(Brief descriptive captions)
━━━━━━━━━━
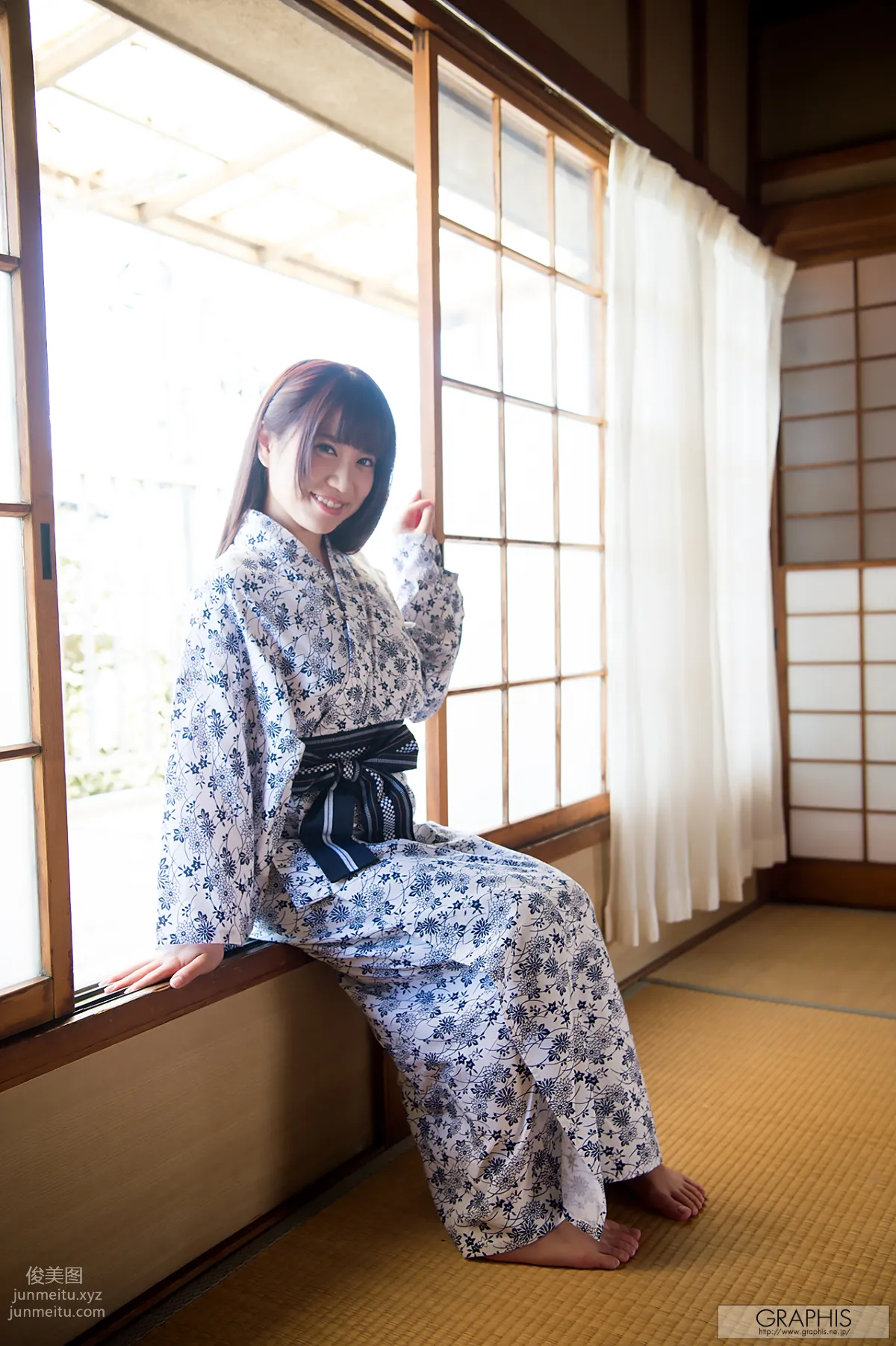 [Graphis] 2017.12.13 Gals 初美りん Rin Hatsumi [Look at me!] 27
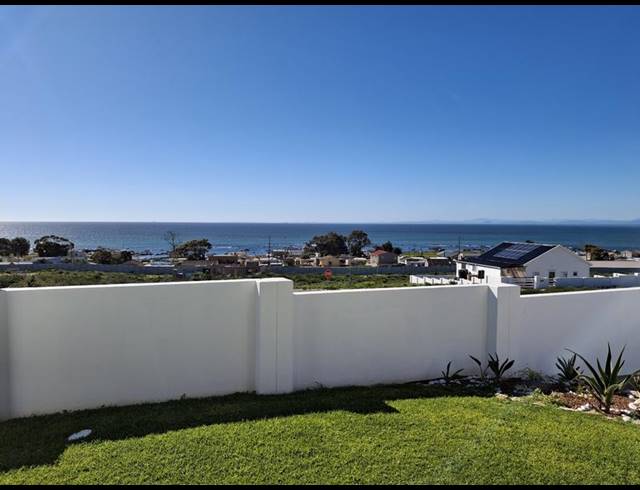 3 BEDROOM HOUSE FOR SALE IN ST HELENA VIEWS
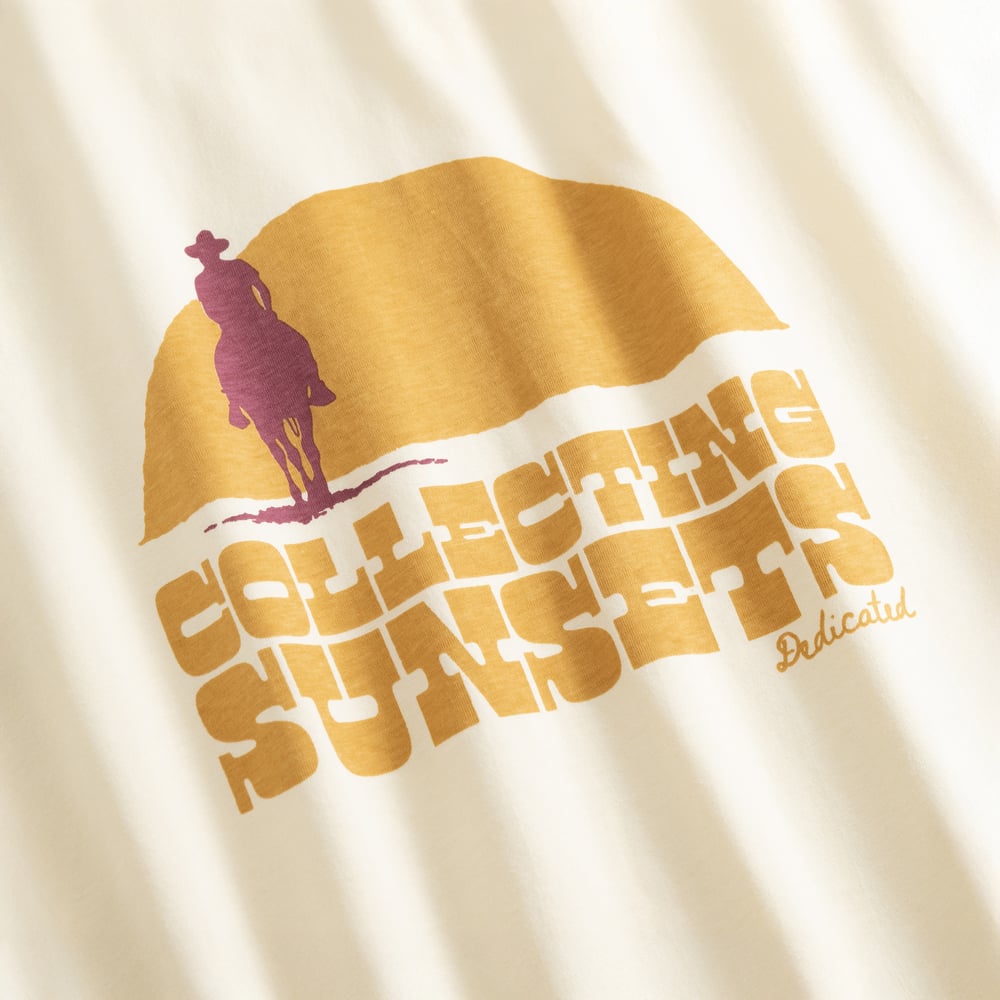 T-shirt Visby Collecting Sunsets Yellow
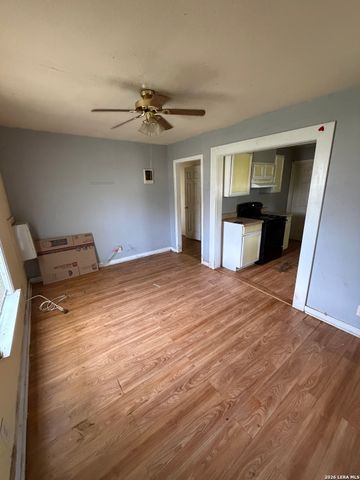 904 PINE ST, Floresville, TX 78114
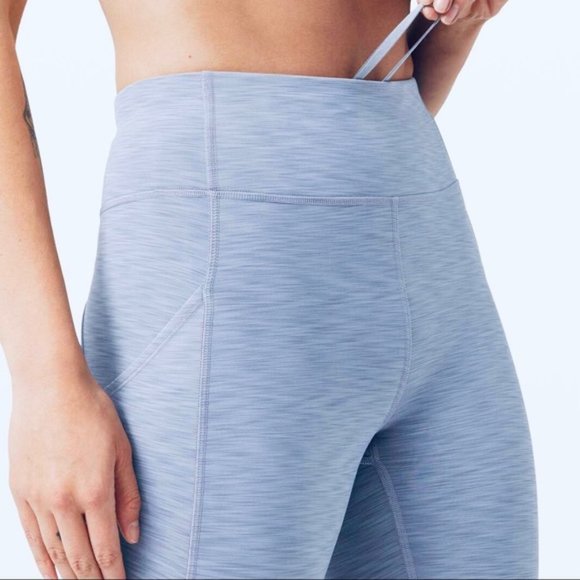 Lululemen Invigorate High-Rise Tight in Heathered Weather Drop - Picture 6 of 9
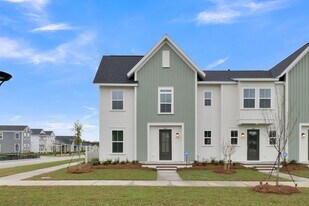 268 Symphony Ave in Summerville, SC - Building Photo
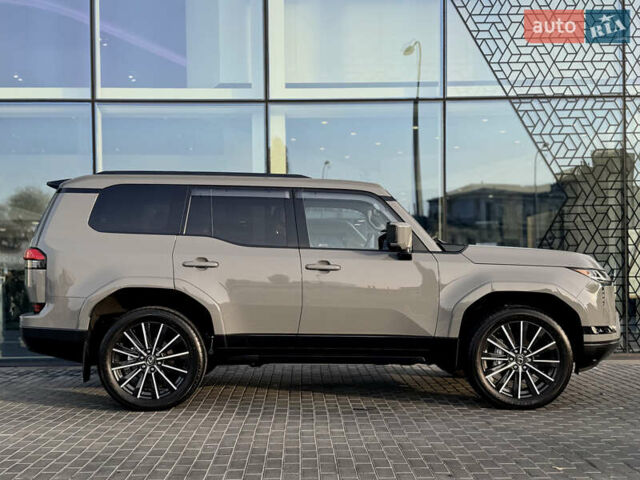 Сірий Лексус ГХ, об'ємом двигуна 3.45 л та пробігом 4 тис. км за 101200 $, фото 5 на Automoto.ua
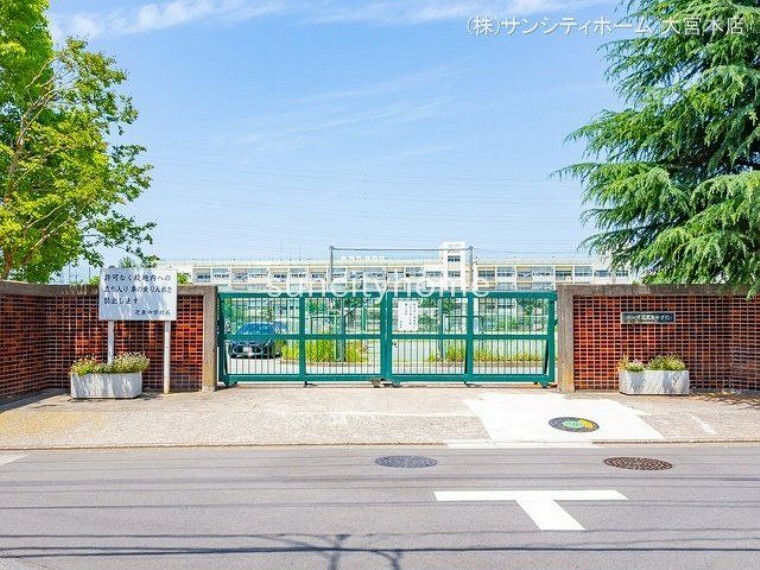 中学校 川口市立芝東中学校 撮影日（2022-05-30）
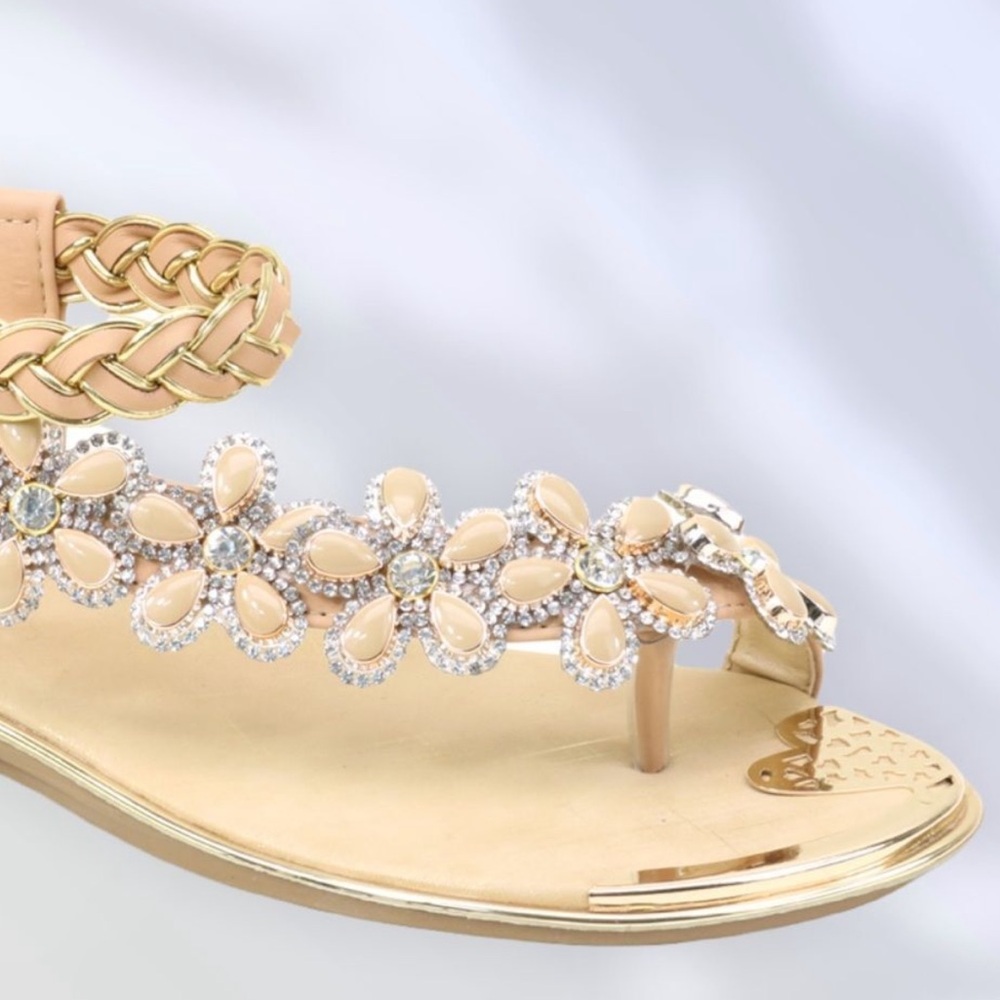 1 Left! Italina Sleek Black Vinyl Floral Rhinestone Embellished Toe Ring Sandal - Picture 9 of 13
━━━━━━━━━━
- What the task requires
Treating the line with "Сірий Лексус ГХ, об'ємом" as the last line to include, retype the records exactly from their first line, excluding pictures.

- Reply to the exercise
 [Graphis] 2017.12.13 Gals 初美りん Rin Hatsumi [Look at me!] 27
 3 BEDROOM HOUSE FOR SALE IN ST HELENA VIEWS
 T-shirt Visby Collecting Sunsets Yellow
 904 PINE ST, Floresville, TX 78114
 Lululemen Invigorate High-Rise Tight in Heathered Weather Drop - Picture 6 of 9
 268 Symphony Ave in Summerville, SC - Building Photo
 Сірий Лексус ГХ, об'ємом двигуна 3.45 л та пробігом 4 тис. км за 101200 $, фото 5 на Automoto.ua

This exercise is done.